Cultum Interitum - Poison Of Being
Chronique
Cultum Interitum Poison Of Being
L’été, c’est l’enfer. Trop chaud. Trop de soleil. Dantefever assommé, apathique, incapable d’écouter de la musique ou presque. Heureusement, cette foutue saison a une fin, et il semblerait que celle-ci daigne enfin se pointer après quatre mois d’une aridité insupportable. Conséquence logique, mon obsession pour les musiques cryptiques et ensorcelées émerge à nouveau, encore couverte du terreau humide malodorant sous lequel elle se morfondait. Et juste devant mes oreilles encore embuées par les infâmes moiteurs estivales, Cultum Interitum se présente de lui-même, avec une évidence désarmante. Des polonais, avec une pochette morbide à souhait toute écarlate, signés chez Godz of War. Je sais ce que je vais trouver dedans, je le flaire à trente bornes, et ce que je renifle me rend tout béat.
Du black metal. Dégueulasse. Cru, noir, sinistre, possédé. Tout ce qu’il y a de plus méchant, satanique, malintentionné et bestial. Un album court, malsain, hostile, qui ritualise la mort et le déclin. La Sainte vénération de tout ce qui pourrit et agonise. Des sons hideux, des martèlements frénétiques, des mélodies bouffées par les vers, des vociférations de goules et des passages rampants fielleux. Ma musique à moi.
Vous voyez le Cultes des Ghoules de l’époque Häxan ? Cultum Interitum aussi. Très bien même. Il cherche à réaliser quelque chose tiré du même tonneau putride. En moins fou, moins grandiose, moins tout, mais en excellent quand même. Personne n’arrivera jamais à la cheville de Mark of the Devil et ses acolytes, mais Cultum Interitum ne démérite pas une seconde. Les guitares sont immondes, dispersant leur saturation infâme tout autour d’elles grâce à une réverbération malveillante. La batterie a ce petit goût primitif, sans artifice, presque liturgique, que j’aime tant. La voix se balade entre des imprécations qui rappellent un peu John McEntee (qui doit arrêter immédiatement de faire de la musique chiante, putain John, qu’est-ce que tu fous depuis dix ans, c’est n’importe quoi là), des gargouillements vénéneux, des appels à tout ce qui dépérit et se délite, et des hurlements hystériques. Vous connaissez, vous dis-je. N’allez pas me chercher de la surprise là-dedans, de inattendu ou de l’original. C’est du black metal primaire avec une petite touche de death pour épaissir le tout, qui serpente entre accélérations de damnés et séquences lugubres plus lentes, assaisonnées d’un soupçon de clavier mortifère. Vous-mêmes vous savez.

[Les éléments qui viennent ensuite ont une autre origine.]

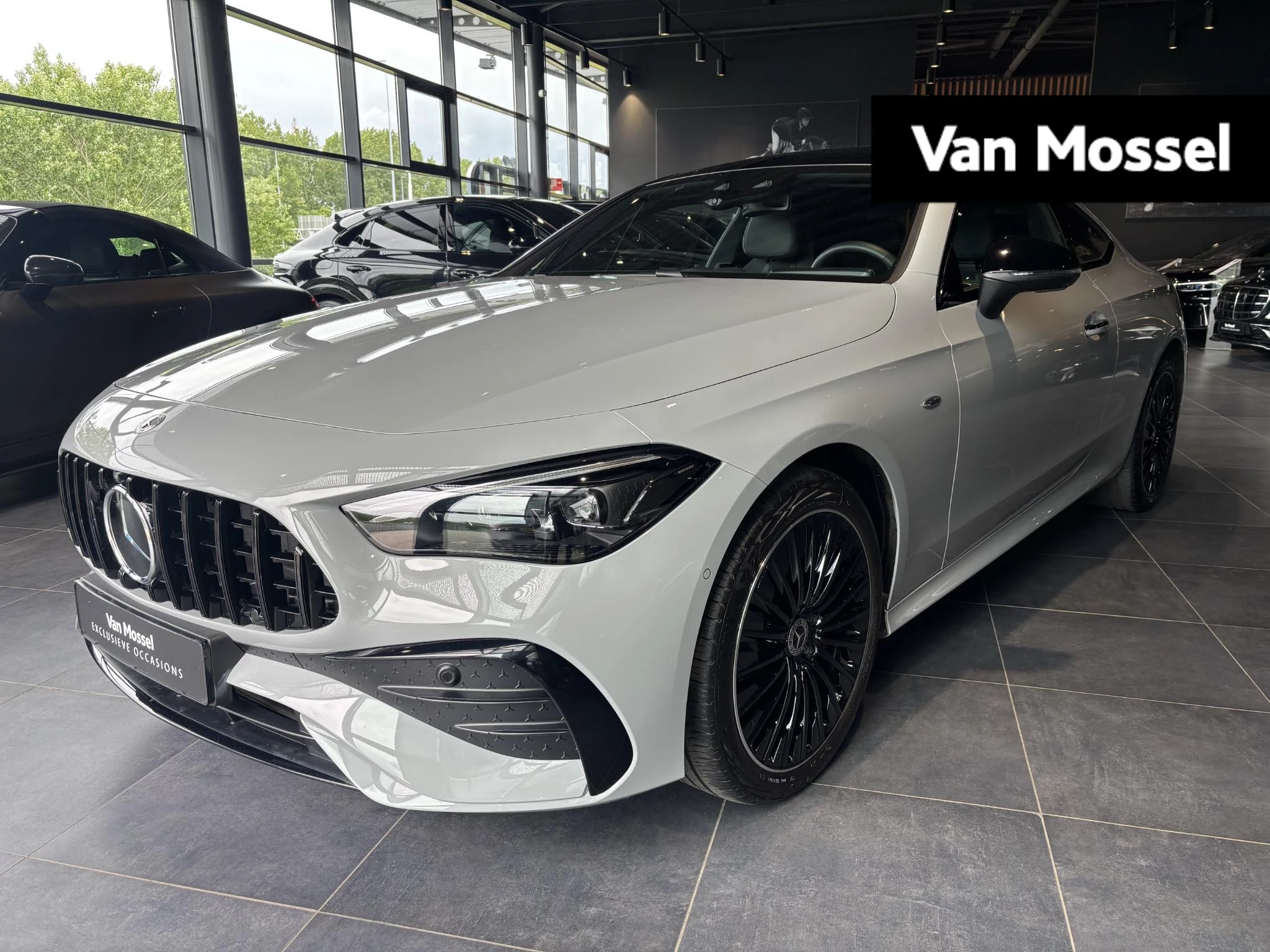 Mercedes-Benz-CLE-image-0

Le black metal, c’est simple. Au-delà de toutes les nuances stylistiques, degré d’originalité ou tout autre facteur, un album du style se juge à l’aune d’une seule question que l’auditeur doit s’adresser à lui-même pendant l’écoute. J’y crois, ou j’y crois pas ? Voilà tout ce qui compte. C’est ce qui permet de juger un Behemoth récent comme un Moenen of Xezbeth de manière sûre, sur le même barème. Et pour Cultum Interitum, j’y crois. J’y crois totalement. Je vois les sorcières, les diables aux sabots fourchus saillissant des hérétiques dépravés, les silhouettes indescriptibles et tremblantes partiellement révélées au hasard de flammes impures, les os et le sang souillé. Tout est là. Les polonais convoquent les pires terreurs du passé, à coup d’accords scabreux, de cris repoussants et d’exercices de bestialité réalisés sur batterie non-consentante. Écoutez donc ce terrible final, « Desecration of Light », avec sa mélodie obsédante portée par des guitares vaseuses et cette batterie impie qui capture l’esprit. Tout se joue ici. Sur ce type d’horreur précis. Ce sentiment que quelque part, là-dedans, vit une part de ce qui faisait se signer nos ancêtres quand ils longeaient une forêt à la nuit tombée.
Cultum Interitum est un groupe affreux, qui produit une musique odieuse. Exactement ce qu’il me fallait pour enterrer pour de bon cette catin de période chaude. Retour aux chaudrons pour Dantefever. Il est grand temps de se plonger corps et âme dans les nouvelles offrandes impies que les possédés et les maniaques de notre univers souterrain dégorgeront dans les mois à venir. Cultum Interitum inaugure cette nouvelle saison sous les voûtes de l’underground avec un sabbat visqueux et délétère, qui rappelle en une demi-heure d’où l’on vient, et ce à quoi nous aspirons.